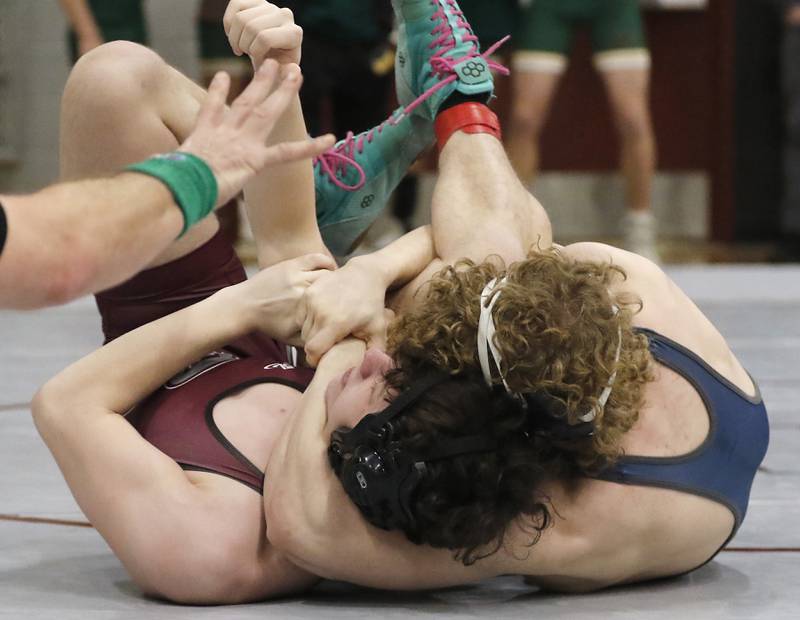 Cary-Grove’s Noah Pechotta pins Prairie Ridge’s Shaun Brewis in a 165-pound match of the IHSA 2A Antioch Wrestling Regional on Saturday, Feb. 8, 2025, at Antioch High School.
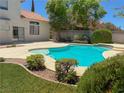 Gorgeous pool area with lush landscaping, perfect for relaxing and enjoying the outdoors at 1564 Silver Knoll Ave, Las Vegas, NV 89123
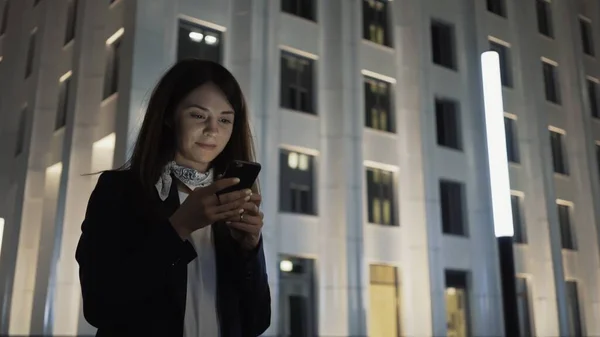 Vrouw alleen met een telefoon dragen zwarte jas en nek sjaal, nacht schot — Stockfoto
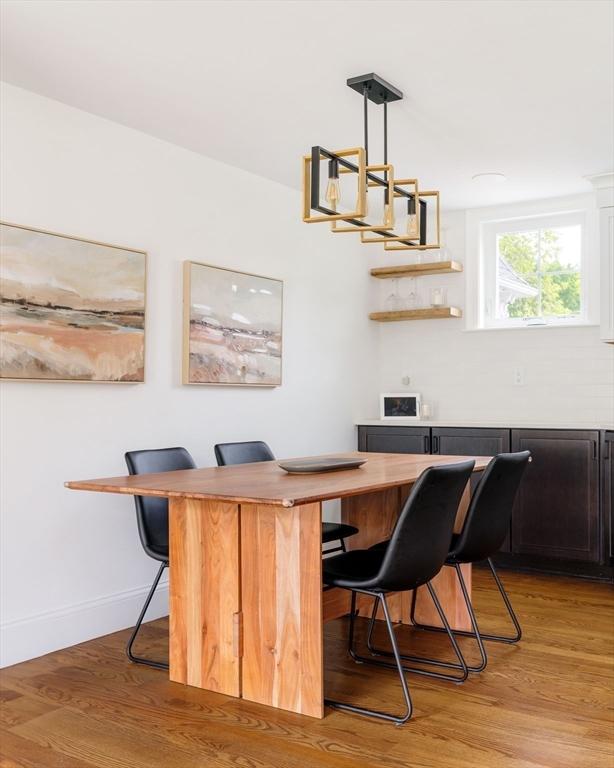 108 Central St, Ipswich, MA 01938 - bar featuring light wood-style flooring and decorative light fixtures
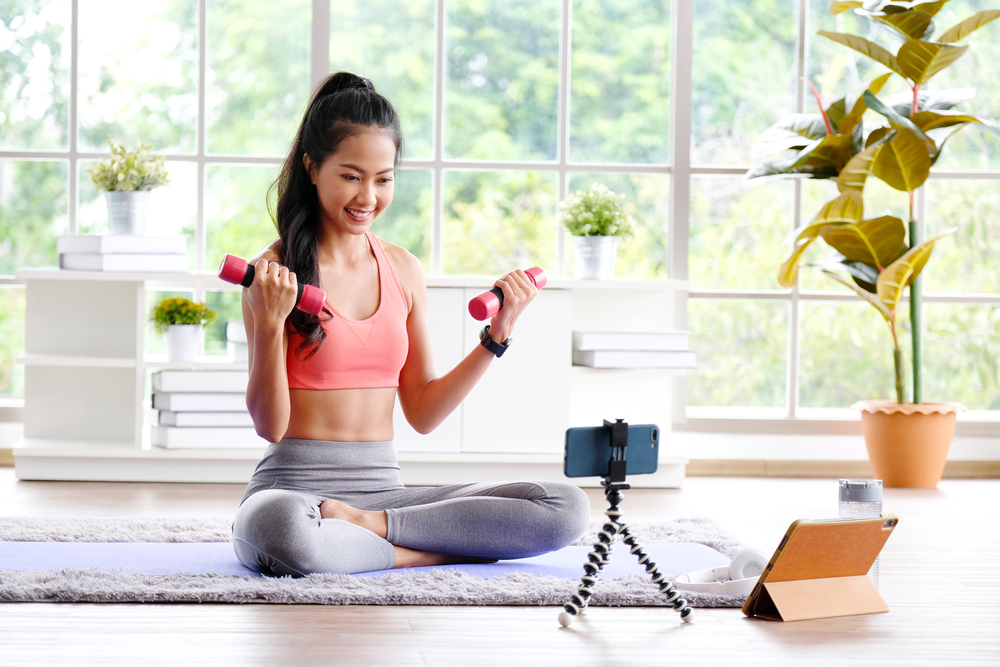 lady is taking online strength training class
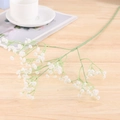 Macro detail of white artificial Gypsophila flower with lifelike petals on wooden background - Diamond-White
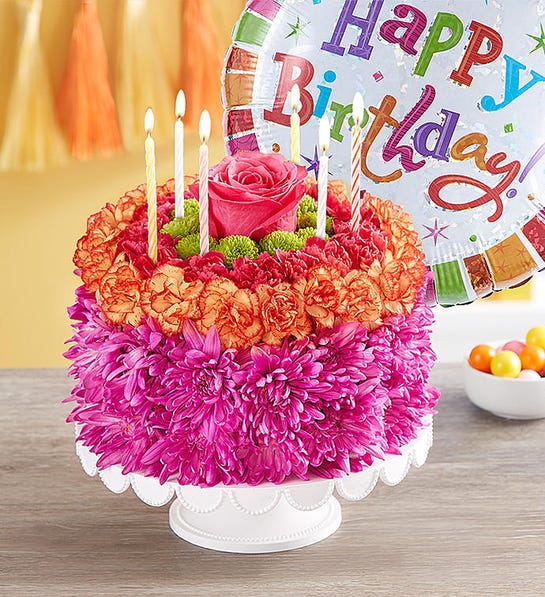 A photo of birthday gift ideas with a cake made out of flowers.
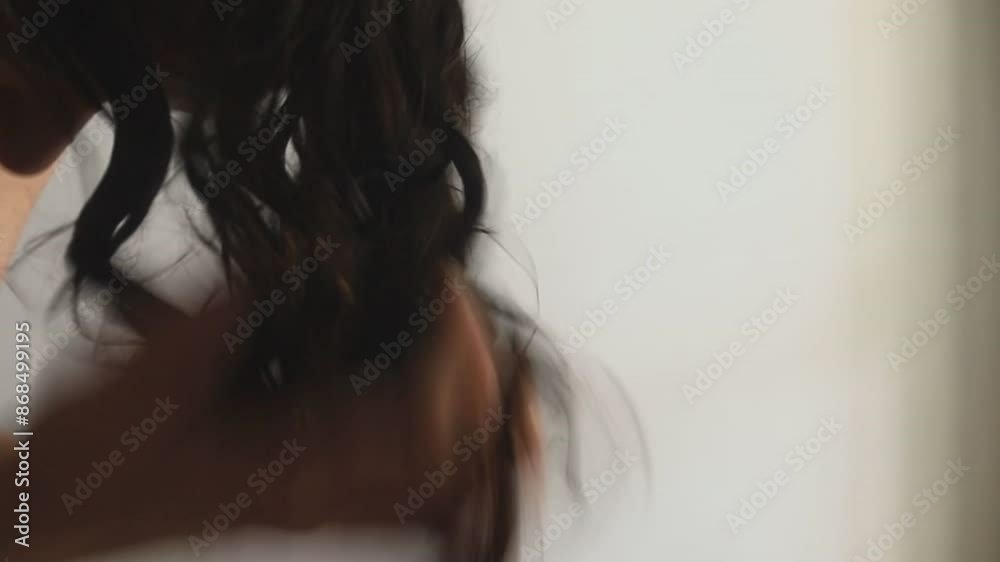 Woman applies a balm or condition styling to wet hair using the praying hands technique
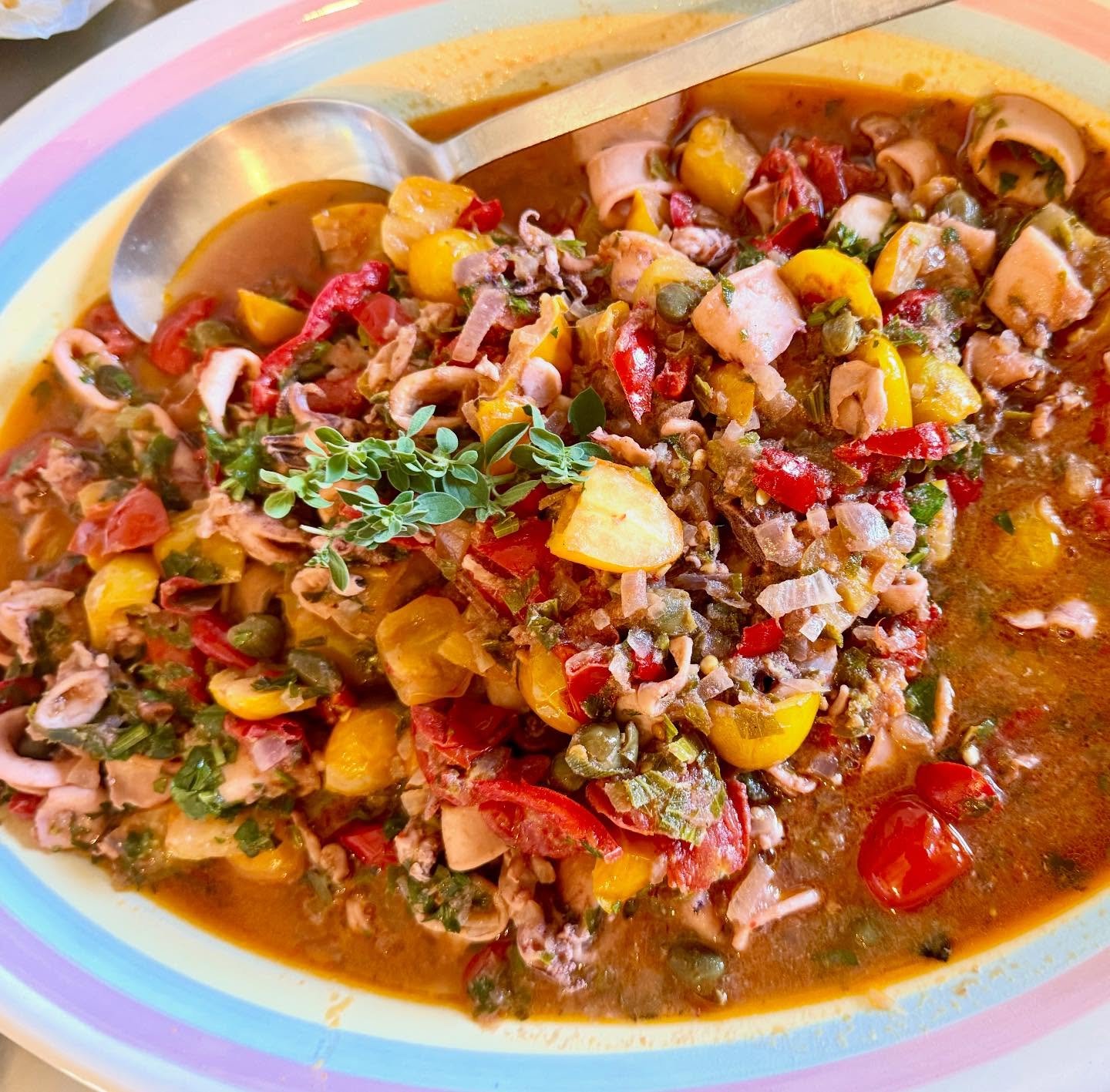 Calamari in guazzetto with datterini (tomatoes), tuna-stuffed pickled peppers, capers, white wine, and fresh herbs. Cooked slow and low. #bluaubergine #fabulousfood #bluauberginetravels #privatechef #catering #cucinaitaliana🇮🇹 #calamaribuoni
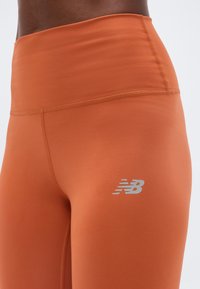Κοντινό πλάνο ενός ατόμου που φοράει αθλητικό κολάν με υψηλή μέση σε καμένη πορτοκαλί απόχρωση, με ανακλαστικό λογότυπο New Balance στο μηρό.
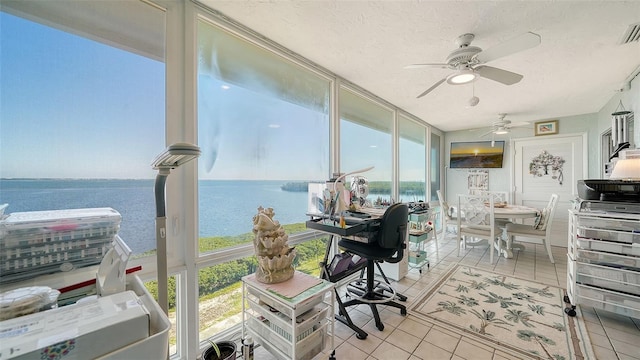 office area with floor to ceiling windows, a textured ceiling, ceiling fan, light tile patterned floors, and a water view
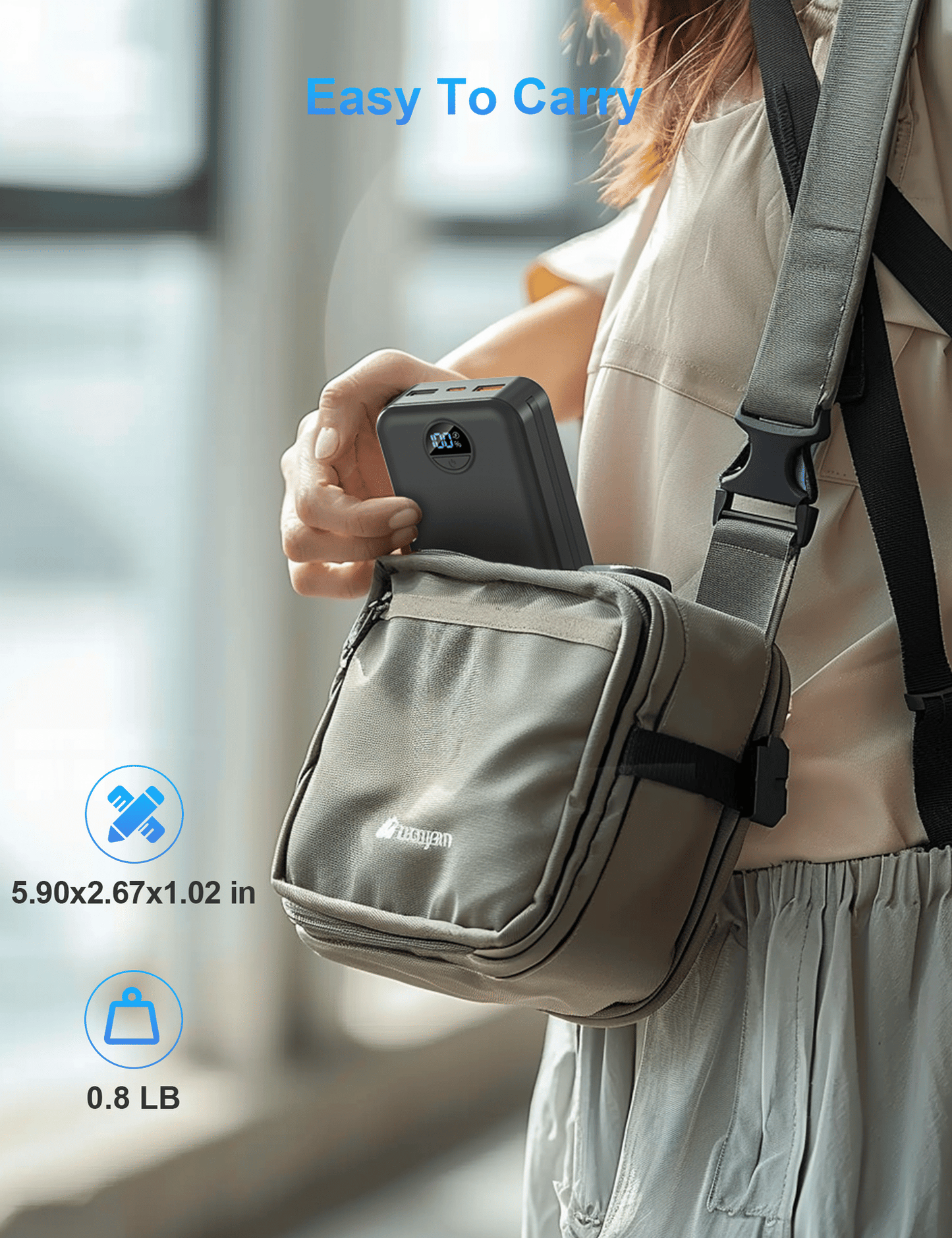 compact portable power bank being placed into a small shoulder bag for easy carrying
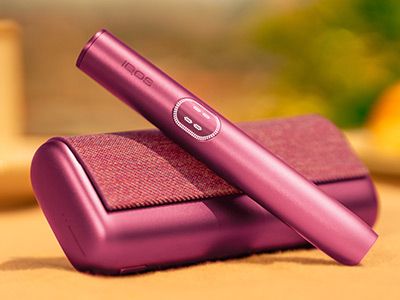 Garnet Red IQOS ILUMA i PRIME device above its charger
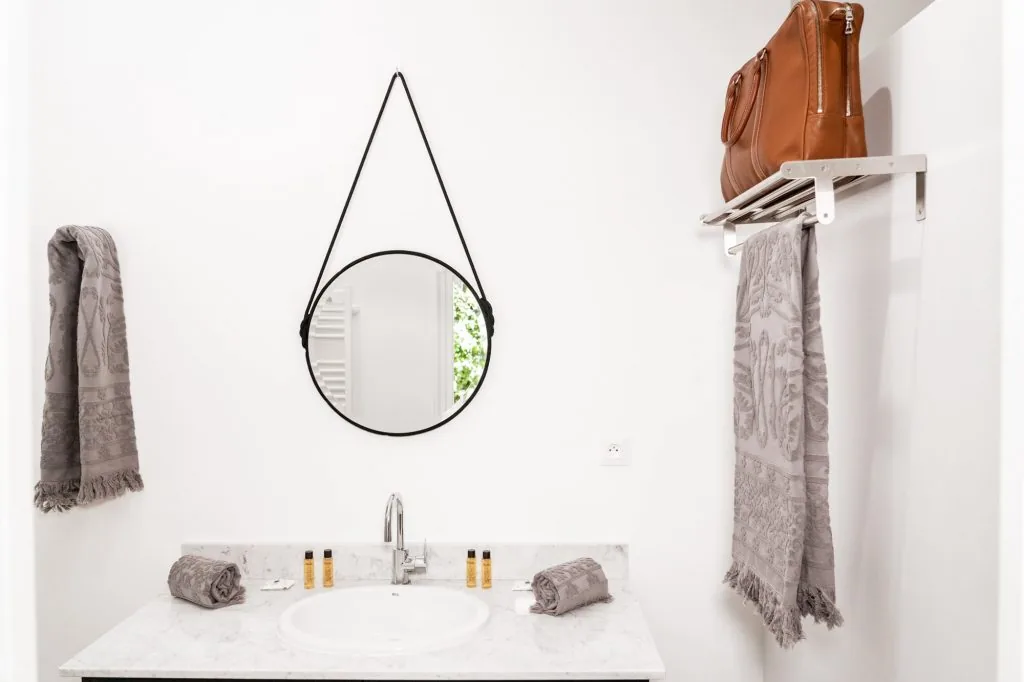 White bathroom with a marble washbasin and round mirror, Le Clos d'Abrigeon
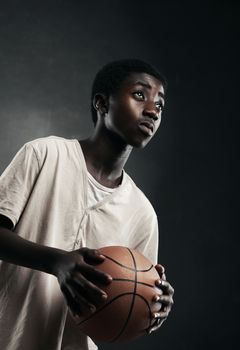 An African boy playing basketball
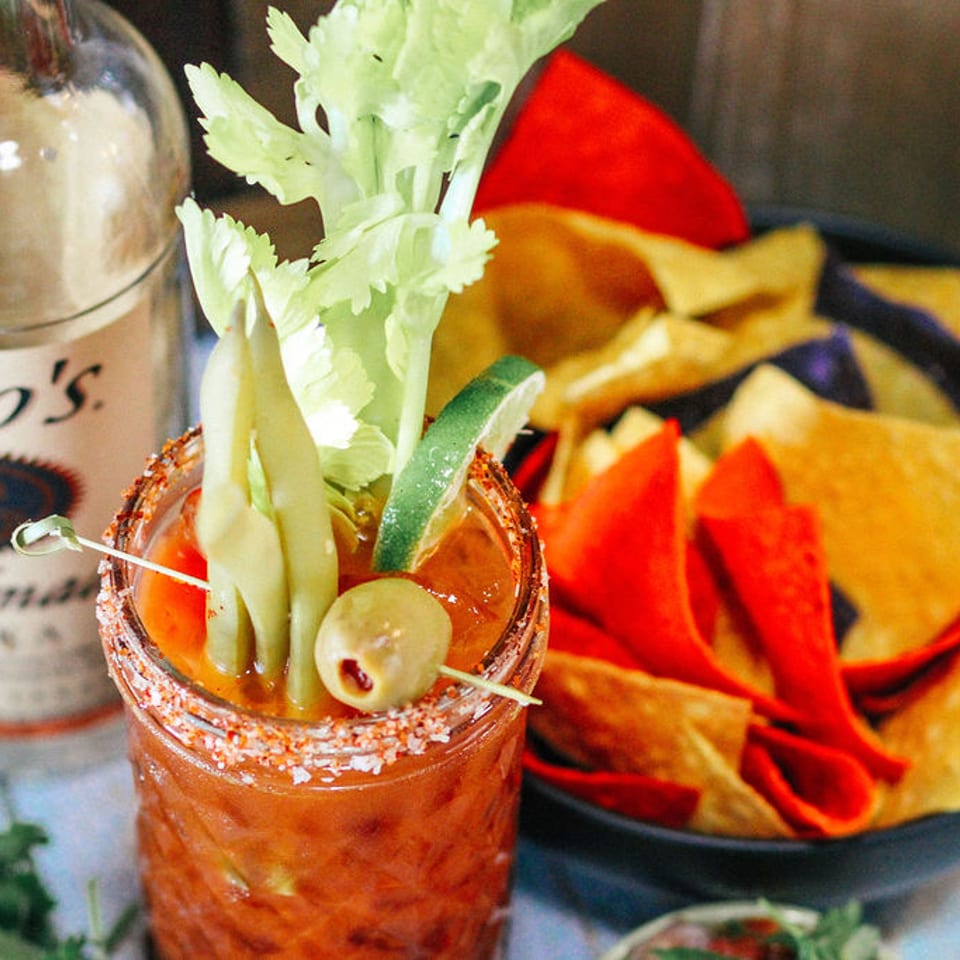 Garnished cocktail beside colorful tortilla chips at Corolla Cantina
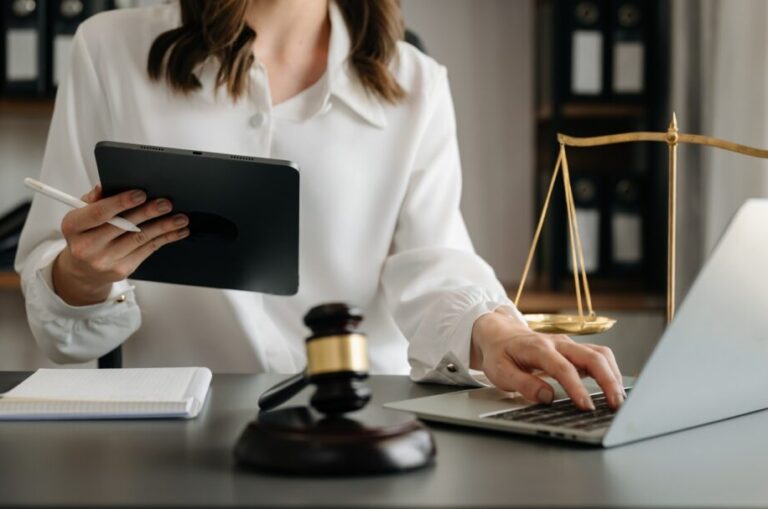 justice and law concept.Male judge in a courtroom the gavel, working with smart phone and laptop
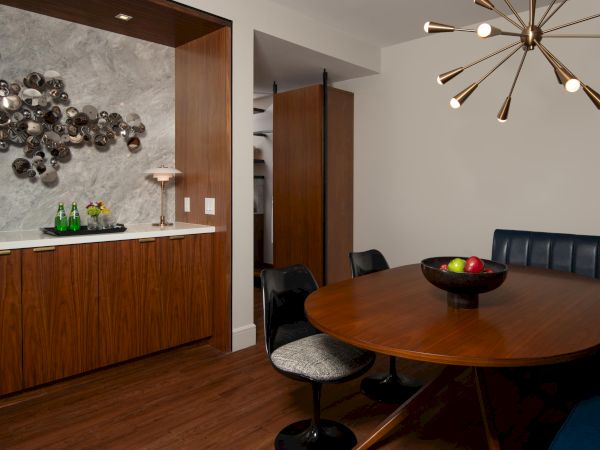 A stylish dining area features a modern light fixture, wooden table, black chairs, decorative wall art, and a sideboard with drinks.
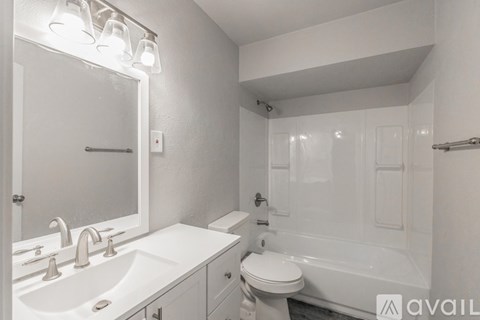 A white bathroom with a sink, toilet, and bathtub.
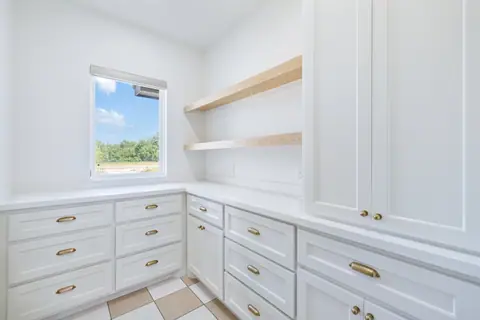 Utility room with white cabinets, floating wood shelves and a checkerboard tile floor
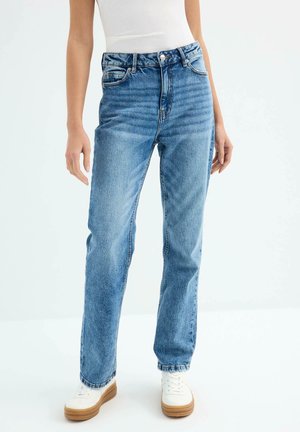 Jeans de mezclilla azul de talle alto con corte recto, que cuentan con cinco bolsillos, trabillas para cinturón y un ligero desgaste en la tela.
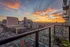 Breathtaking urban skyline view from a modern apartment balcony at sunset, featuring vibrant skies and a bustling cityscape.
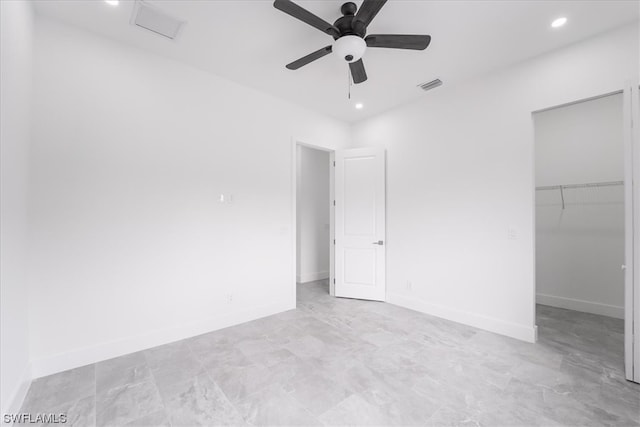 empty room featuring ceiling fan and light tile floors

TRY IT ▸
All that is needed is an exact copy of the lines from the top of the entries through the line containing "Utility room with", pictures left out.

EXERCISE ANSWER ▸
 Cary-Grove’s Noah Pechotta pins Prairie Ridge’s Shaun Brewis in a 165-pound match of the IHSA 2A Antioch Wrestling Regional on Saturday, Feb. 8, 2025, at Antioch High School.
 Gorgeous pool area with lush landscaping, perfect for relaxing and enjoying the outdoors at 1564 Silver Knoll Ave, Las Vegas, NV 89123
 Vrouw alleen met een telefoon dragen zwarte jas en nek sjaal, nacht schot — Stockfoto
 108 Central St, Ipswich, MA 01938 - bar featuring light wood-style flooring and decorative light fixtures
 lady is taking online strength training class
 Macro detail of white artificial Gypsophila flower with lifelike petals on wooden background - Diamond-White
 A photo of birthday gift ideas with a cake made out of flowers.
 Woman applies a balm or condition styling to wet hair using the praying hands technique
 Calamari in guazzetto with datterini (tomatoes), tuna-stuffed pickled peppers, capers, white wine, and fresh herbs. Cooked slow and low. #bluaubergine #fabulousfood #bluauberginetravels #privatechef #catering #cucinaitaliana🇮🇹 #calamaribuoni
Κοντινό πλάνο ενός ατόμου που φοράει αθλητικό κολάν με υψηλή μέση σε καμένη πορτοκαλί απόχρωση, με ανακλαστικό λογότυπο New Balance στο μηρό.
 office area with floor to ceiling windows, a textured ceiling, ceiling fan, light tile patterned floors, and a water view
 compact portable power bank being placed into a small shoulder bag for easy carrying
 Garnet Red IQOS ILUMA i PRIME device above its charger
 White bathroom with a marble washbasin and round mirror, Le Clos d'Abrigeon
 An African boy playing basketball
 Garnished cocktail beside colorful tortilla chips at Corolla Cantina
 justice and law concept.Male judge in a courtroom the gavel, working with smart phone and laptop
 A stylish dining area features a modern light fixture, wooden table, black chairs, decorative wall art, and a sideboard with drinks.
 A white bathroom with a sink, toilet, and bathtub.
 Utility room with white cabinets, floating wood shelves and a checkerboard tile floor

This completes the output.